## [What the exercise asks]
The lines wanted are those from the one containing "Young woman reading" to the last line of the entries below; output them exactly, leaving out pictures.

[Saved data entries]
>>>
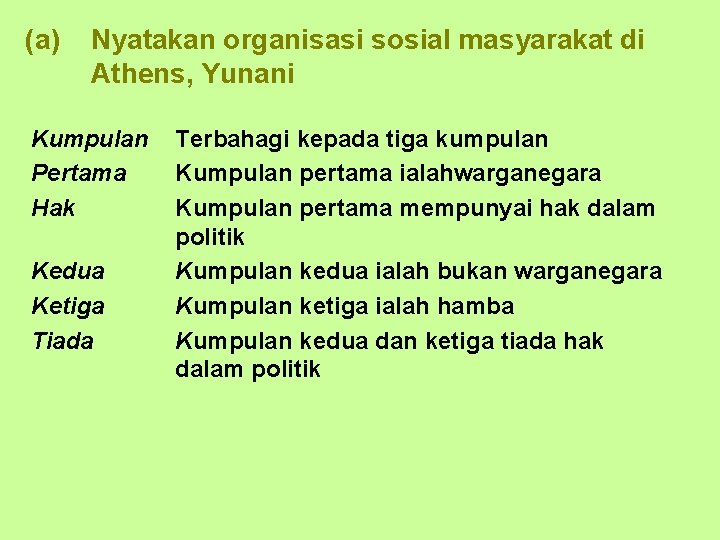 (a) Nyatakan organisasi sosial masyarakat di Athens, Yunani Kumpulan Pertama Hak Kedua Ketiga Tiada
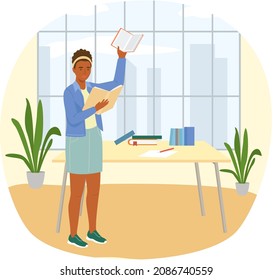 Young woman reading book standing near stack of books in living room, studying at home. Housewife resting with book, female character is fond of literature, enjoys reading, gets education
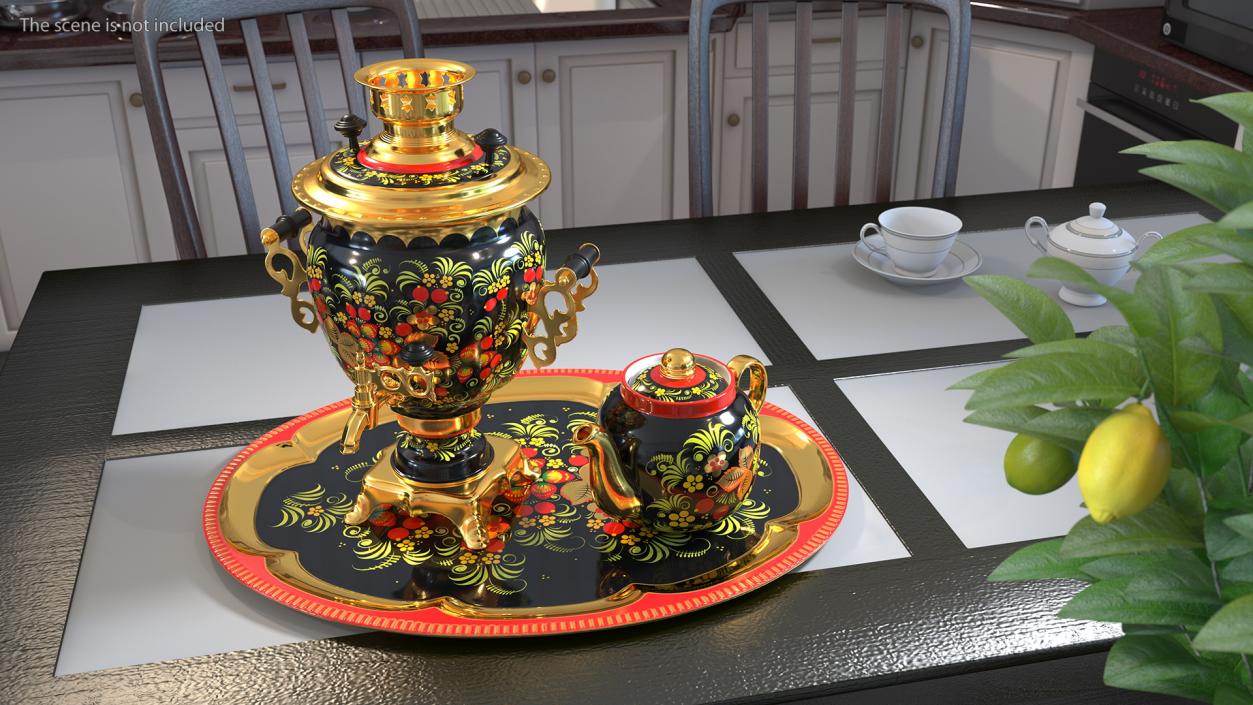 3D model Khokhloma Electric Samovar Set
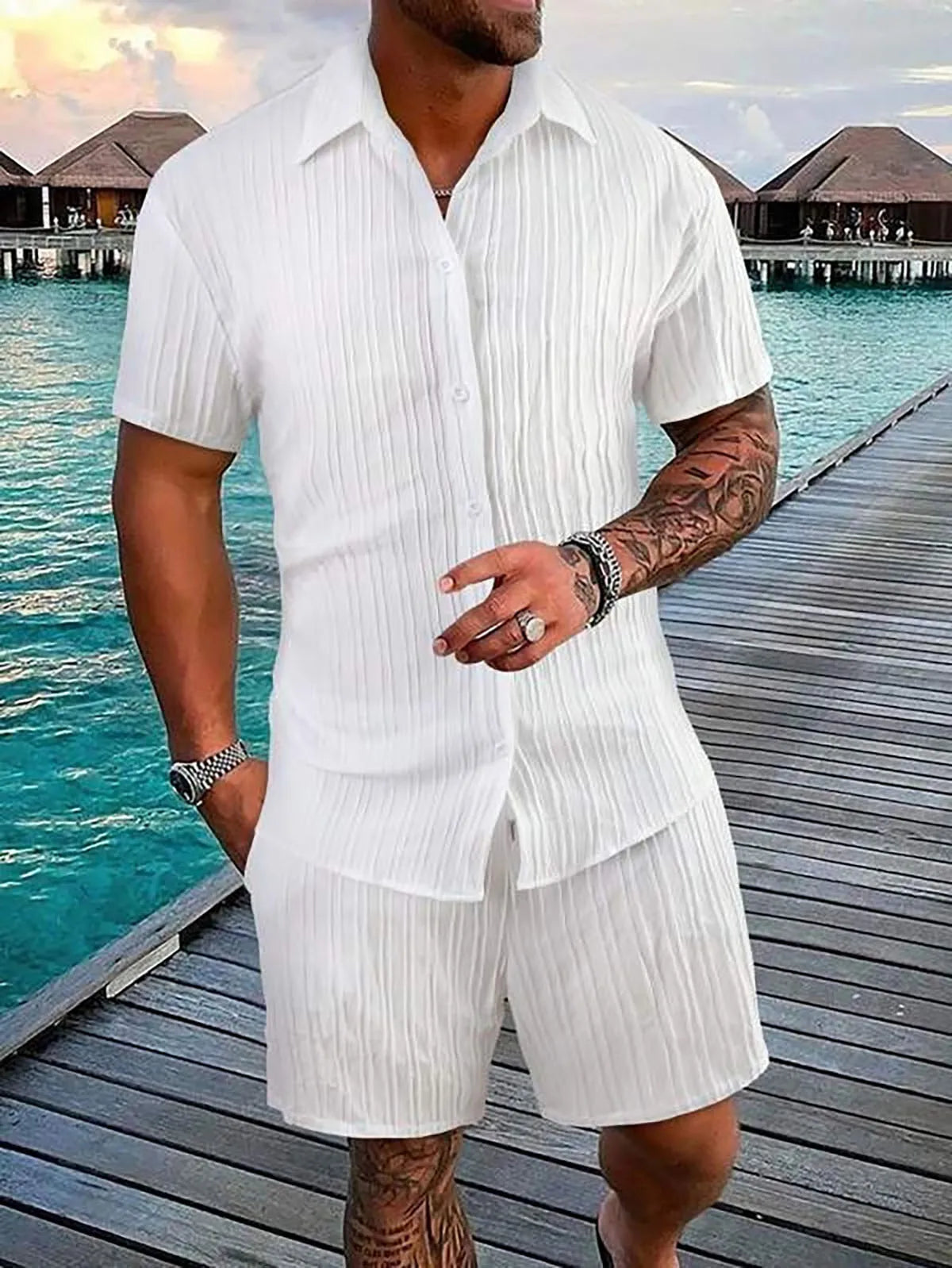Men's Striped Polo Cardigan & Drawstring Shorts Sports Suit – Solid Color 2-Piece
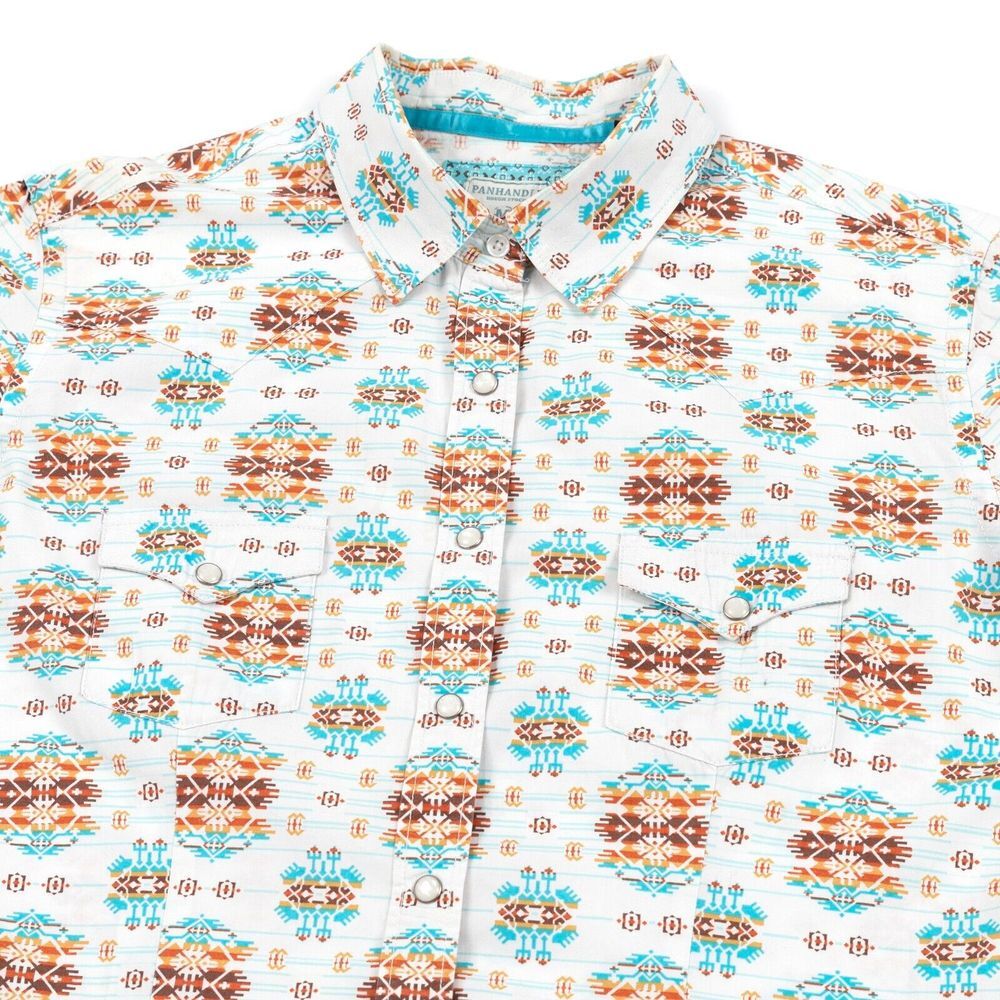 Panhandle Rough Stock Pearl‎ Snap Shirt Women's Medium Geometric Aztec Western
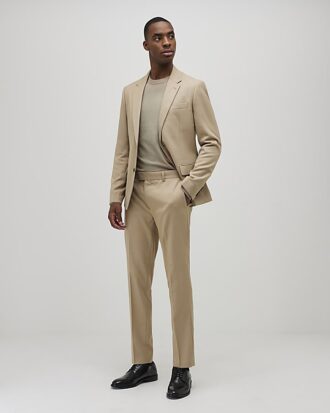 Stone Skinny Fit Textured Suit Trousers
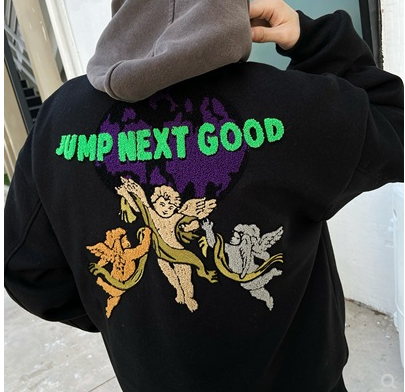 Men's Baseball Uniform Angel Print Plus Velvet Jacket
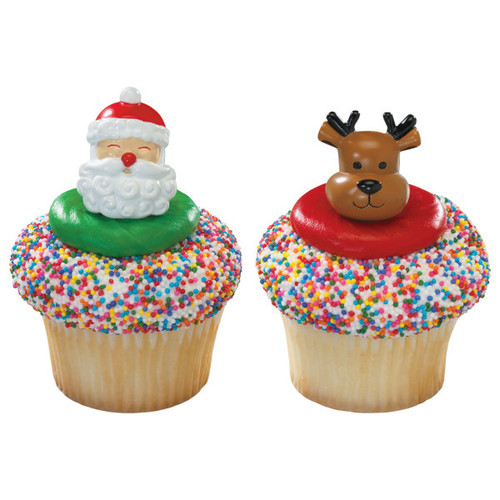 Jolly Santa & Reindeer Cupcake Rings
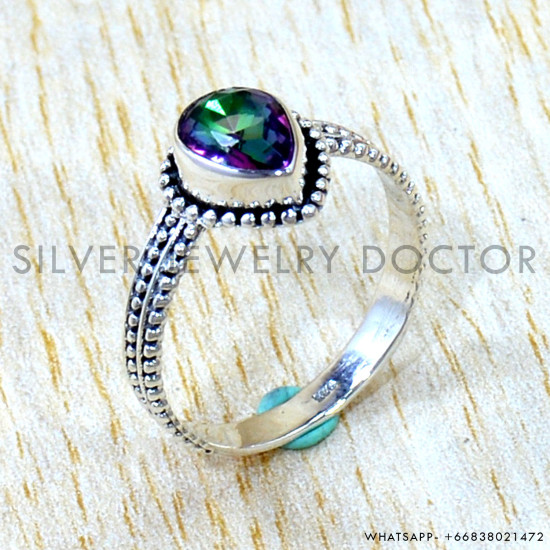Mystic Topaz 925 Sterling Silver Ring (SJWR-3175) Mystic Topaz 925 Sterling Silver Ring (SJWR-3175)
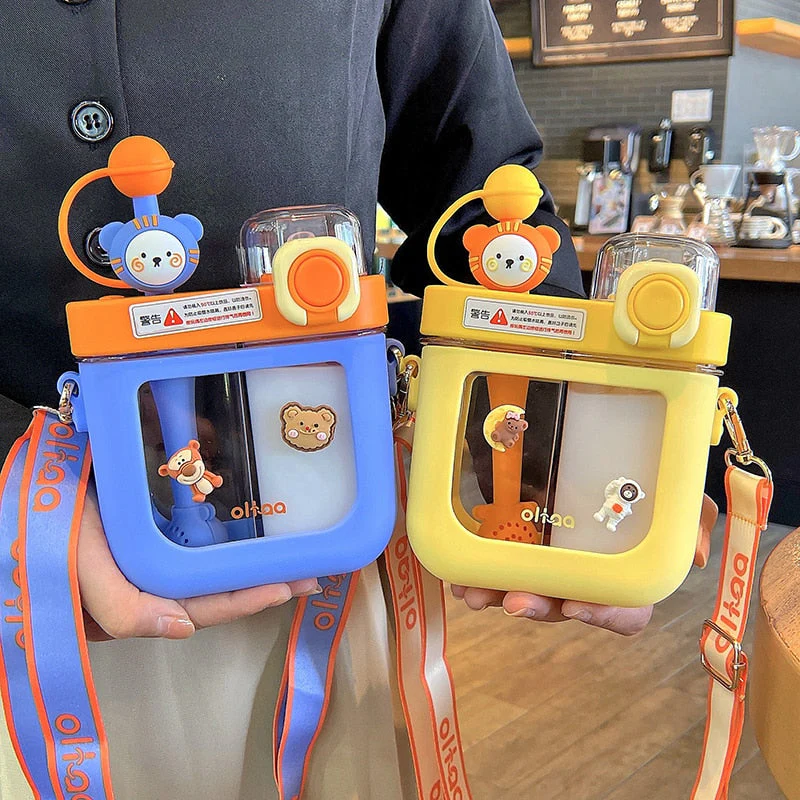 Leak-Proof Double Straw Cartoon Kids Water Bottle - Image 2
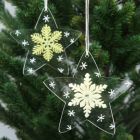 Acrylic Stars, decorated with Felt Snowflakes and Graphics
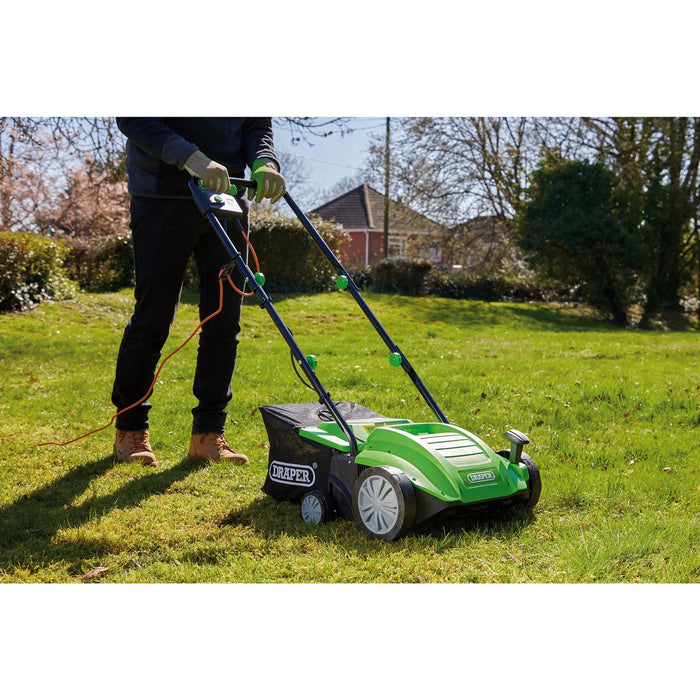 Draper 230V 2-in-1 Lawn Aerator and Scarifier, 320mm, 1500W - GLAS1500D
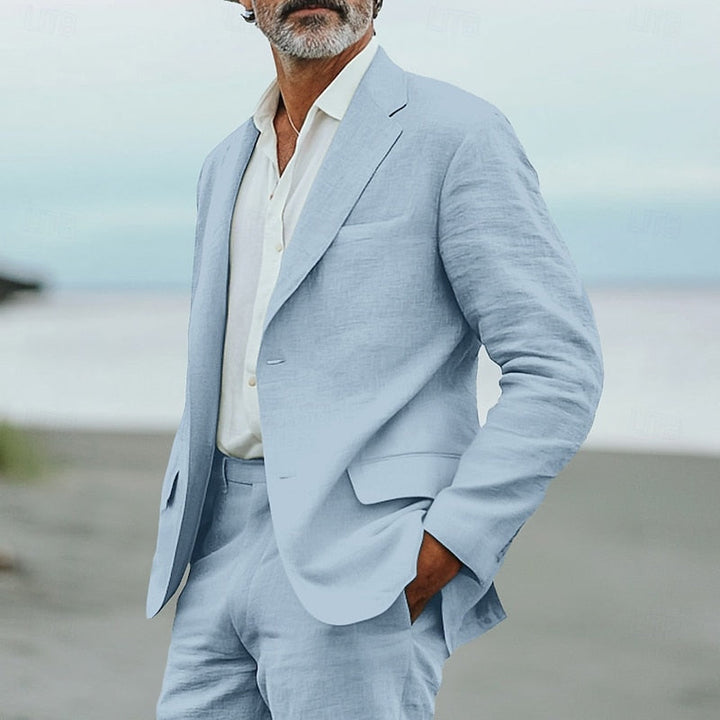 Stylish men's lightweight summer suit with breathable blazer & trousers, ideal for formal or casual wear.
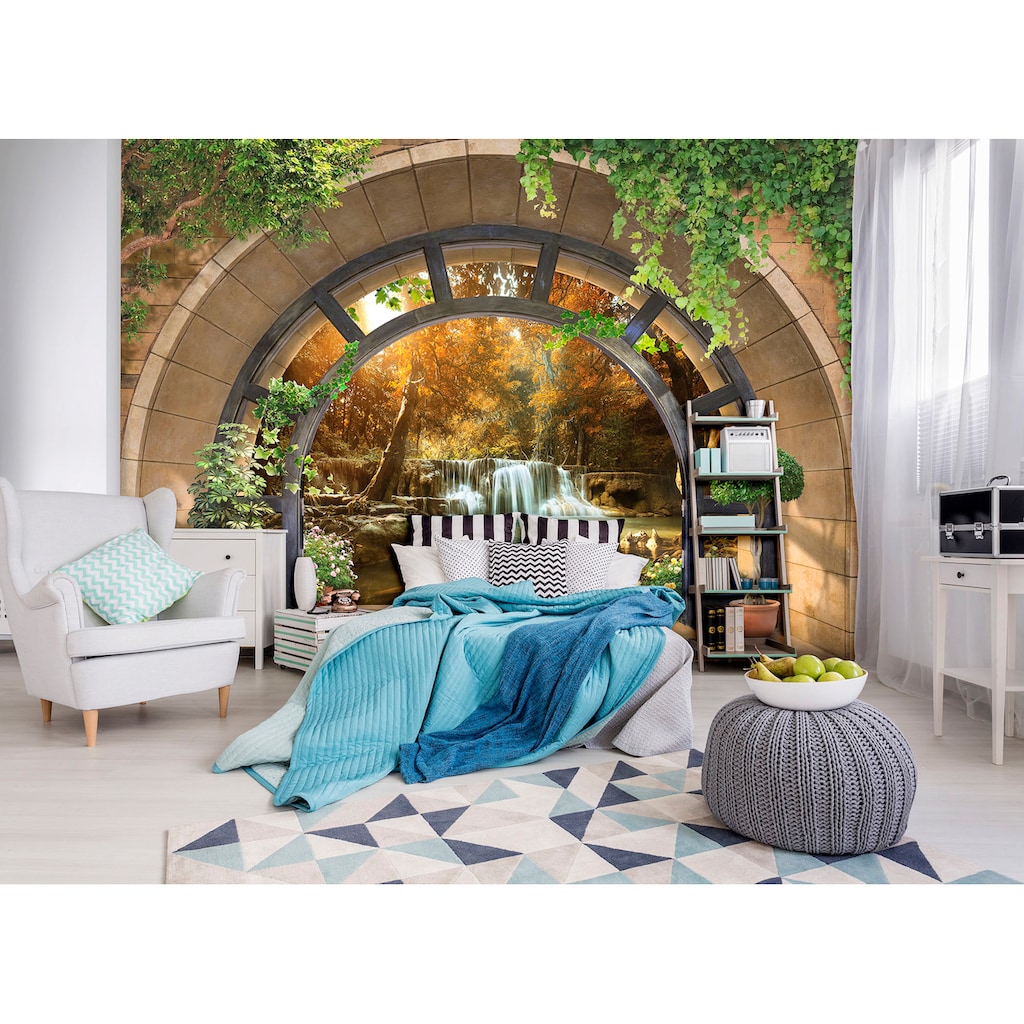 Consalnet Fototapete »3D Wasserfall«, Motiv, Fenster zum Wald, für Wohnzimmer oder Schlafzimmer
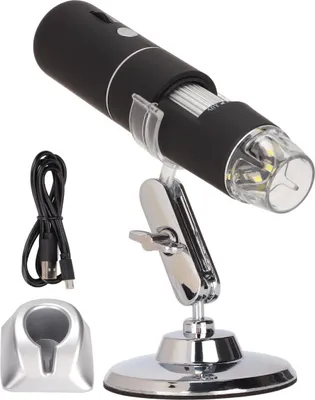 Produktbild von Kabelloses digitales Mikroskop (50-1000-fache Vergr??erung, 1080p), tragbares USB-HD-Handmikroskop fš¹r Android, Schwarz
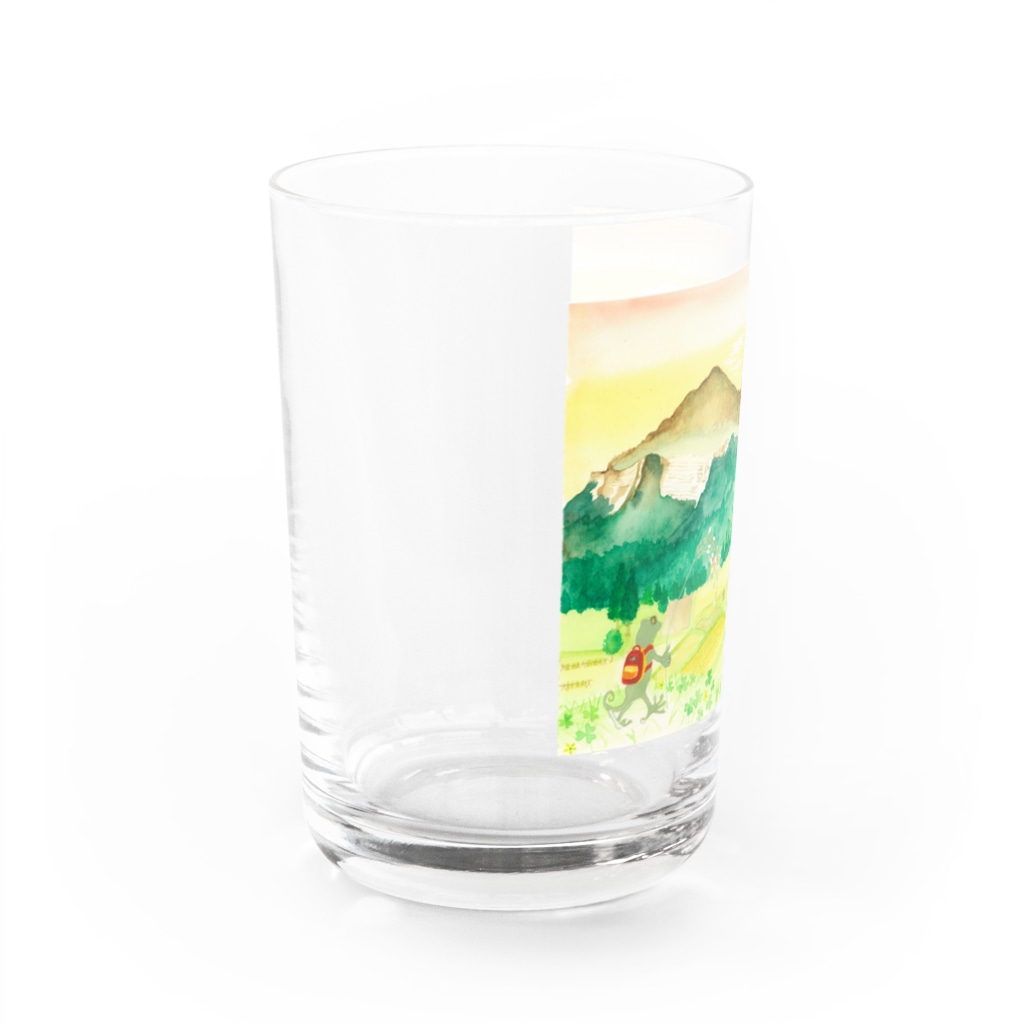 やもいも　（ヤモリ&イモリ）の武甲山 Water Glass :left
<<<
## [Result of this task]
 Young woman reading book standing near stack of books in living room, studying at home. Housewife resting with book, female character is fond of literature, enjoys reading, gets education
 3D model Khokhloma Electric Samovar Set
Men's Striped Polo Cardigan & Drawstring Shorts Sports Suit – Solid Color 2-Piece
 Panhandle Rough Stock Pearl‎ Snap Shirt Women's Medium Geometric Aztec Western
 Stone Skinny Fit Textured Suit Trousers
 Men's Baseball Uniform Angel Print Plus Velvet Jacket
 Jolly Santa & Reindeer Cupcake Rings
Mystic Topaz 925 Sterling Silver Ring (SJWR-3175) Mystic Topaz 925 Sterling Silver Ring (SJWR-3175)
 Leak-Proof Double Straw Cartoon Kids Water Bottle - Image 2
 Acrylic Stars, decorated with Felt Snowflakes and Graphics
 Draper 230V 2-in-1 Lawn Aerator and Scarifier, 320mm, 1500W - GLAS1500D
 Stylish men's lightweight summer suit with breathable blazer & trousers, ideal for formal or casual wear.
 Consalnet Fototapete »3D Wasserfall«, Motiv, Fenster zum Wald, für Wohnzimmer oder Schlafzimmer
 Produktbild von Kabelloses digitales Mikroskop (50-1000-fache Vergr??erung, 1080p), tragbares USB-HD-Handmikroskop fš¹r Android, Schwarz
 やもいも　（ヤモリ&イモリ）の武甲山 Water Glass :left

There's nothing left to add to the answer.